As part of an exceptional partnership with the French section of the Association internationale des critiques d’art, the Canadian Cultural Centre presents two exhibitions featuring the winners of the Prix AICA France de la Critique d’Art: La rétrospective des prix 2013-2016 and Klaus Speidel, lauréat 2015, présente Benjamin Hugard: Useful Abstraction.
The ground-floor gallery presents the retrospective of the filmed performances of all the art critics belonging to the AICA who championed their artists in front of an international jury of peers according to Pechakucha’s timed format since the founding of the prize in 2013.
The 40 or so critics include prizewinners Anne Tronche, Marie-Cécile Burnichon, Marc Lenot, Mathilde Roman, Klaus Speidel and J. Emil Sennewald who championed the work of Laura Lamiel, Miriam Cahn, Estefanía Peñafiel Loaiza, Émilie Pitoiset, Benjamin Hugard and Agnès Geoffray.
The Canadian Cultural Centre presents a work by each of the artists championed by the prize winners.

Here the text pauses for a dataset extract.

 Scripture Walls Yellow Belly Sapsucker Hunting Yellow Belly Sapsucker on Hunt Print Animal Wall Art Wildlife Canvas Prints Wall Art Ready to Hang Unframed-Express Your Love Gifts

The exhibition places the accent on the role of the art critic, as well as on the multiplicity of personalities, approaches and tones, and the special relationship between the artist chosen from among all potential artists, and the art critic championing him or her. The prize highlights the diversity and dynamism of the artistic scene in France, irrespective of culture.
In the first floor gallery, Klaus Speidel, winner of the Prix AICA France 2015, presents Benjamin Hugard. With Useful Abstraction, Speidel and Hugard pursue the exploration of the various ways to build images, as well as the systems of representation which are central to their respective research. The exhibition confronts the concept of the author with its limits through two ensembles: “Vasari’s Corridor,” a series of self-portraits by a generally anonymous and invisible Chinese workforce—and a set of abstract paintings highlighting the “useful” backgrounds of commercial photography designed to stage products of the global trade. The artist appropriates the work of the workers behind the scenes while paradoxically giving them, for this collective project, a starring role that contradicts the very nature of their work.

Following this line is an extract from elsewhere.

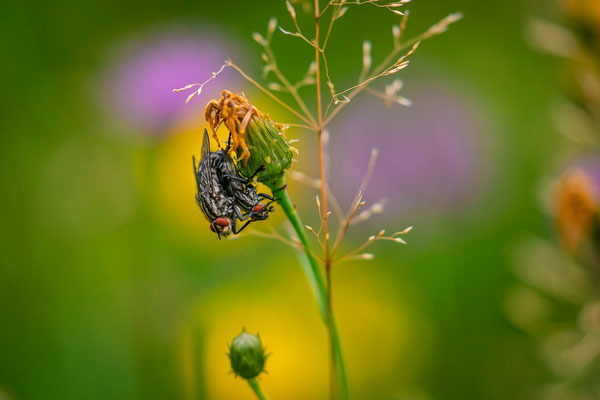 Fliegenpaarung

The book produced by AICA France and RVB Books on the occasion of the prize is presented in the exhibition space as a work of uncertain status. A conceptual object in itself, it was produced choosing rejected images from the collection of a major Belgian advertising photographer, Jean-François De Witte. The presence of the book prolongs the questioning of the author and the frontier between art and non-art that links the various propositions.
The exhibition is organized in partnership with the French section of the Association internationale des critiques d’art (AICA France). It opens the Semaine des cultures étrangères and the festivities of the 15th anniversary of the Forum des instituts culturels étrangers à Paris (FICEP).